═══ MATERIAL SHOWN ═══

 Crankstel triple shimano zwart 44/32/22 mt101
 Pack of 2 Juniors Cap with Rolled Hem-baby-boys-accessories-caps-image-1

═══
═══ MATERIAL SHOWN ═══

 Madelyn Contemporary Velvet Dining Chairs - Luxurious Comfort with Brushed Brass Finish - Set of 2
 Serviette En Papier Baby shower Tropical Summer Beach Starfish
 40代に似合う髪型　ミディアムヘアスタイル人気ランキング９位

═══

REQUIRED ACTION:
The answer is the run of lines above from the line containing "Serviette En Papier" through the line containing "40代に似合う髪型　ミディアムヘアスタイル人気ランキング９位", copied exactly and alone.

RESPONSE BELOW:
 Serviette En Papier Baby shower Tropical Summer Beach Starfish
 40代に似合う髪型　ミディアムヘアスタイル人気ランキング９位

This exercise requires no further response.